Significant rainfall has avoided the region with fears the region's major water source, Paradise Dam, could run out of water following the state government's decision to lower its wall by 50 per cent.
With Sunwater expected to release it's official 2021-22 announced allocations within the next month, it is predicted that medium priority users on the Bundaberg (Burnett sub-scheme) water supply scheme will be hit with allocations between 14 and 17pc.
Before the remediation of the Paradise Dam wall, farmers had averages of 80pc or more water allocations from the scheme.
Wide Bay-Burnett citrus enterprise Spencer Ranch has more than 62,500 citrus trees in the ground across 156 hectares in Wallaville, 43km south west of Bundaberg.
Head farmer Will Thompson said growers in the region are frustrated with the news that their cropping and horticulture businesses are facing "historically low" AA from July.
"Our farm is going to go from 100pc allocation, which was too late to do anything with my last growing season, to on the first of July, to go to potentially between 14 and 17pc allocation," Mr Thompson said.
"This will be the first time in 11 years that we're actually going to have less than a 70pc starting allocation.
"If I didn't have any plans in place to secure an alternative water supply, the AA would mean I could keep my trees alive, but I'd be rendering all my staff unemployed and I would be pruning all my trees back heavily and preventing them from yielding a crop."

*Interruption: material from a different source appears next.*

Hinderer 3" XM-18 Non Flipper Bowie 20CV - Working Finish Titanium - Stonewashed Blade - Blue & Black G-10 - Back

The Ranch employs 45 locals across the Bundaberg region and Mr Thompson said the business has adapted to low water allocations and dry conditions by constructing on-farm water storages in 2020.
"We started work on dams and bores last November and if we hadn't done that I would be laying off my workers and I wouldn't be growing a crop," he said.
"We've got a lot of growers that are only just really starting to connect with how badly they've been affected and their mental health is really starting to take a toll."
Mr Thompson understands there's nothing Sunwater can do to increase the inflows into the Paradise dam, but he said the rules should be changed to prevent sudden allocation reductions of 80pc.
"That's absolutely ludicrous, and the rules need to be looked and changed, because that's never been allowed to happen," he said.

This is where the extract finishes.